No dia 8 deste mês comemora-se o centenário da Encíclica Pascendi Dominici Gregis, “sobre as doutrinas dos modernistas”, promulgada por São Pio X em 1907. Documento monumental que marcou o século XX, sem dúvida marcará também nossa época e repercutirá na história dos séculos futuros. Cem anos após o modernismo — “síntese de todas as heresias” — ter sido fulminado pelo grande Papa, o movimento progressista, sucedâneo do modernismo e também infiltrado na Santa Igreja, inocula nos ambientes católicos veneno análogo –– essencialmente, os mesmos erros combatidos energicamente pelo Santo Pontífice. Trata-se de uma atuação interna, em tudo semelhante a uma conspiração, que visa adaptar a Igreja e o povo fiel aos erros e ao espírito do mundo e da vida moderna. A história se repete...
Por ocasião do cinqüentenário desse magistral documento pontifício, em 1957, Catolicismo publicou em suas edições de setembro, outubro e novembro, três amplas e importantes matérias de autoria de Plinio Corrêa de Oliveira. Nelas o autor mostra que, em nossa luta contra os adversários internos e externos da Igreja, devemos agir firmemente como São Pio X.
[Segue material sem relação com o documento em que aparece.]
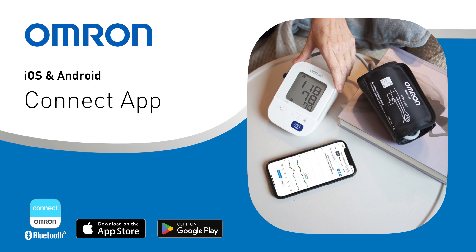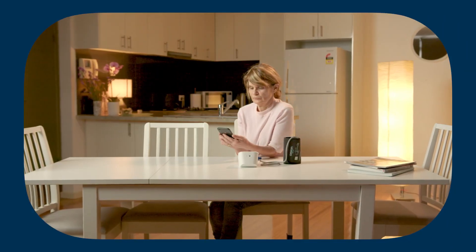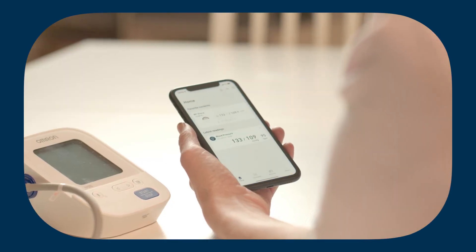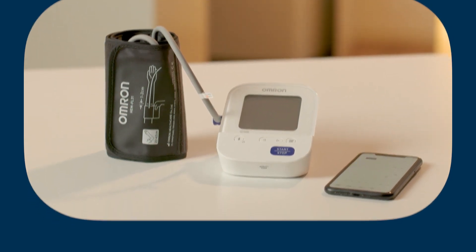How to connect an OMRON blood pressure monitor to the OMRON Connect app. OMRON Connect is an app that enables you to monitor your health smarter with OMRON Bluetooth devices. Here's how to connect your device.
As três matérias encontram-se transcritas integralmente em nosso site — www.catolicismo.com.br — à disposição de todos. Nesta edição, oferecemos a nossos leitores alguns excertos, com pequenas adaptações e inserção de entretítulos. As frases citadas entre aspas são extraídas do texto da própria Encíclica (Pascendi Dominici Gregis, de 8 de setembro de 1907, publicada em francês no volume III dos Atos de Pio X, edição Bonne Presse, Paris).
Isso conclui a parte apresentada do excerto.